━━━ Records supplied ━━━

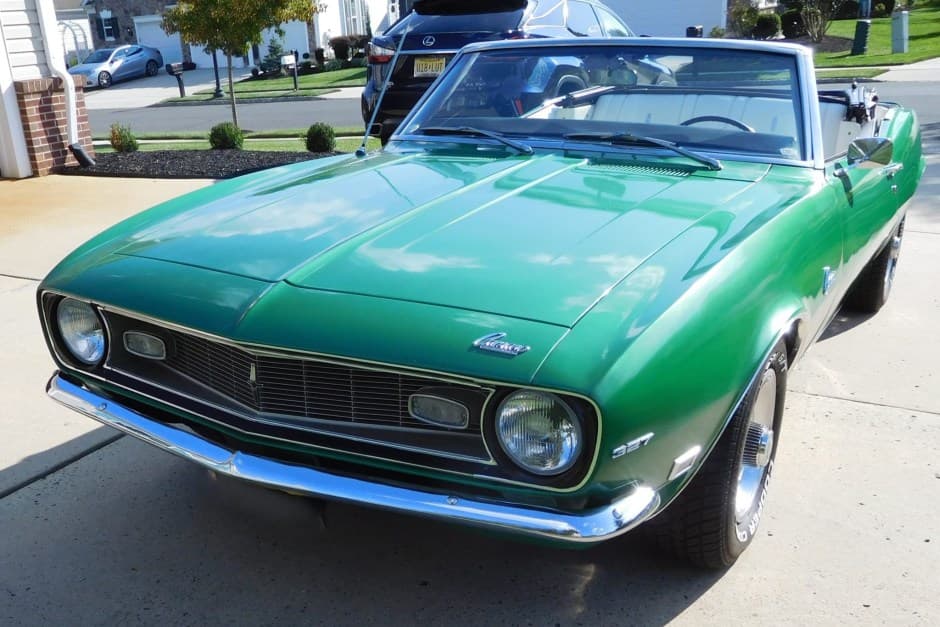 1968 Chevrolet Camaro 1st Generation 1967-1969 sold for $31,250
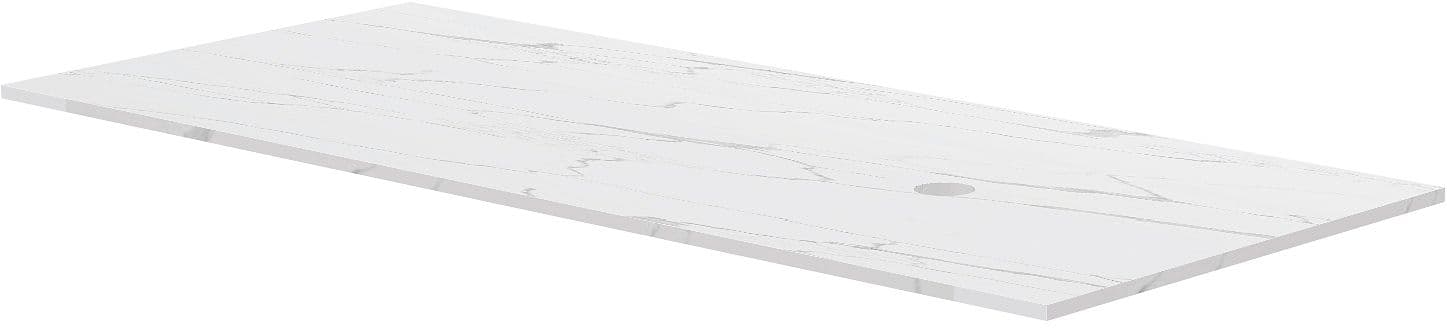 TABLET MARBRE CERAMIQUE PURO L120 H1,2 1VIDAGE DROITE WHITE CALACATTA
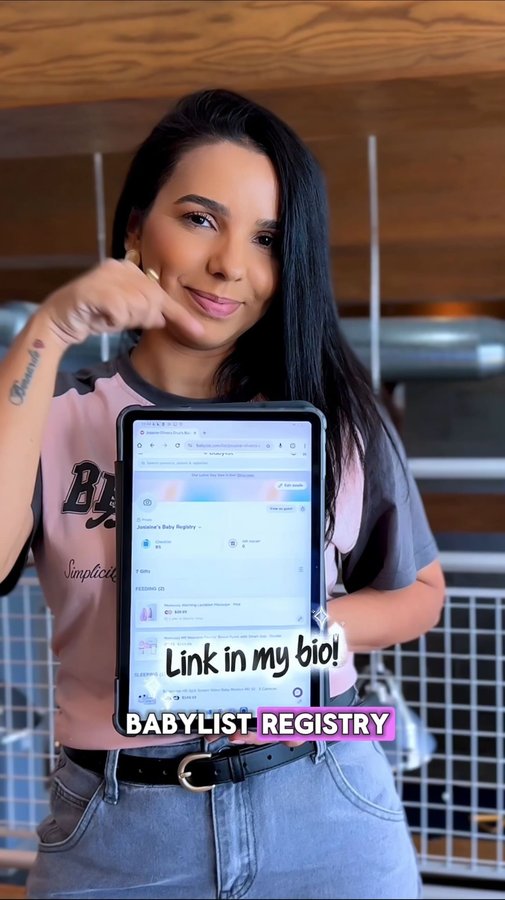 Instagram post by @josiainec for collAble. Caption reads: Creating a baby registry doesn’t have to be....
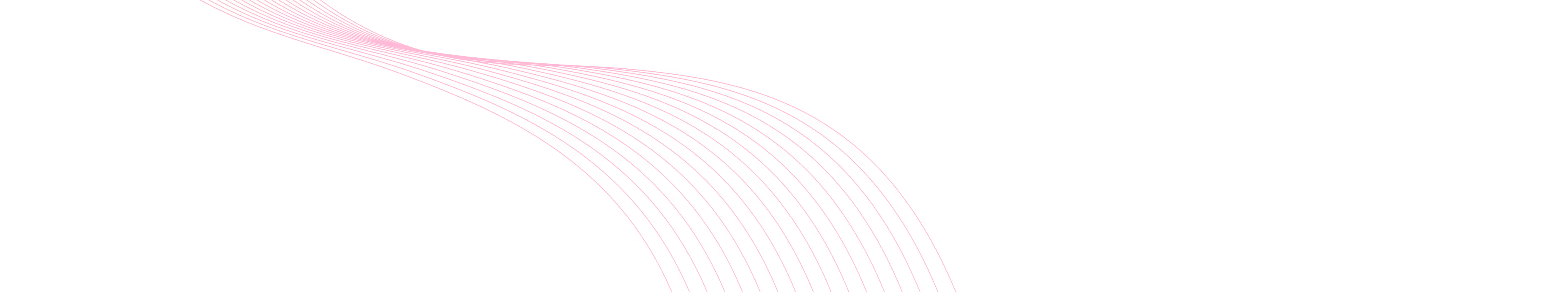 Série de lignes lisses, blanches et courbes formant un motif ondulé sur fond noir.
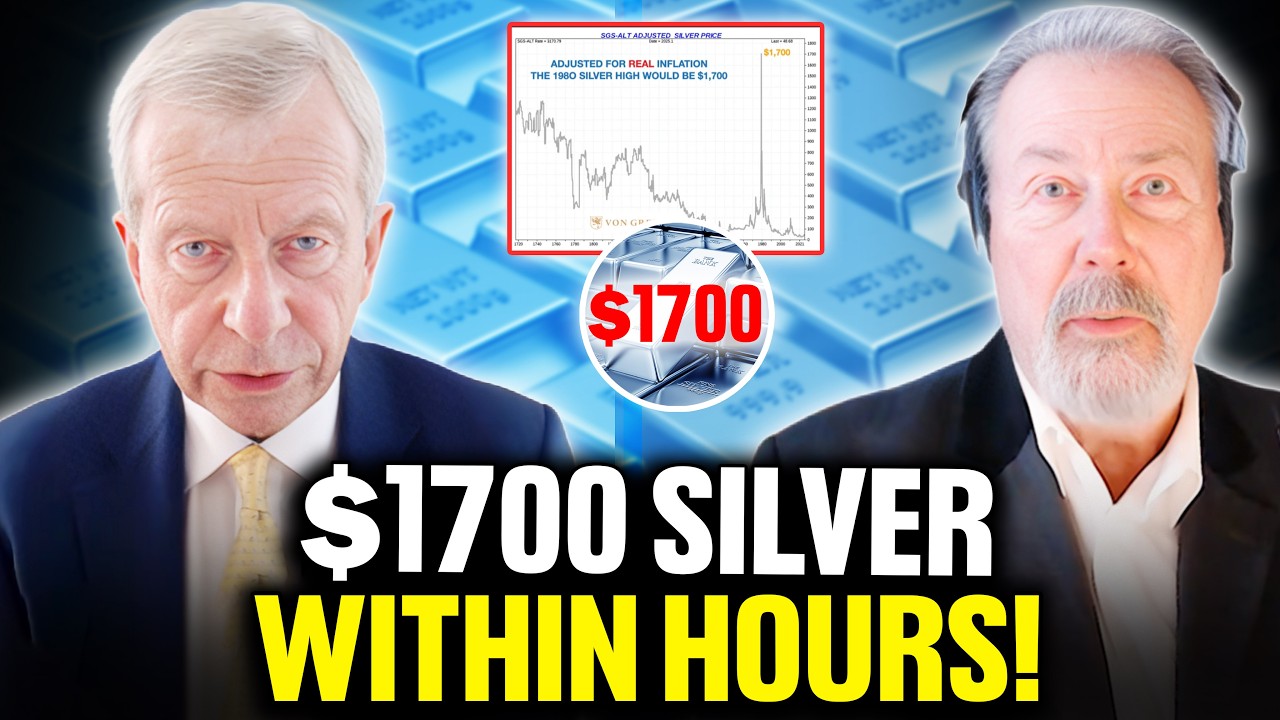$1700 Silver Price Alert! If You Own GOLD or SILVER, WATCH NOW - Egon von Greyerz & David Morgan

━━━

### Task to complete
The full data, repeated exactly and stripped of its pictures, is the expected answer.

### Result for this exercise
 1968 Chevrolet Camaro 1st Generation 1967-1969 sold for $31,250
 TABLET MARBRE CERAMIQUE PURO L120 H1,2 1VIDAGE DROITE WHITE CALACATTA
 Instagram post by @josiainec for collAble. Caption reads: Creating a baby registry doesn’t have to be....
 Série de lignes lisses, blanches et courbes formant un motif ondulé sur fond noir.
$1700 Silver Price Alert! If You Own GOLD or SILVER, WATCH NOW - Egon von Greyerz & David Morgan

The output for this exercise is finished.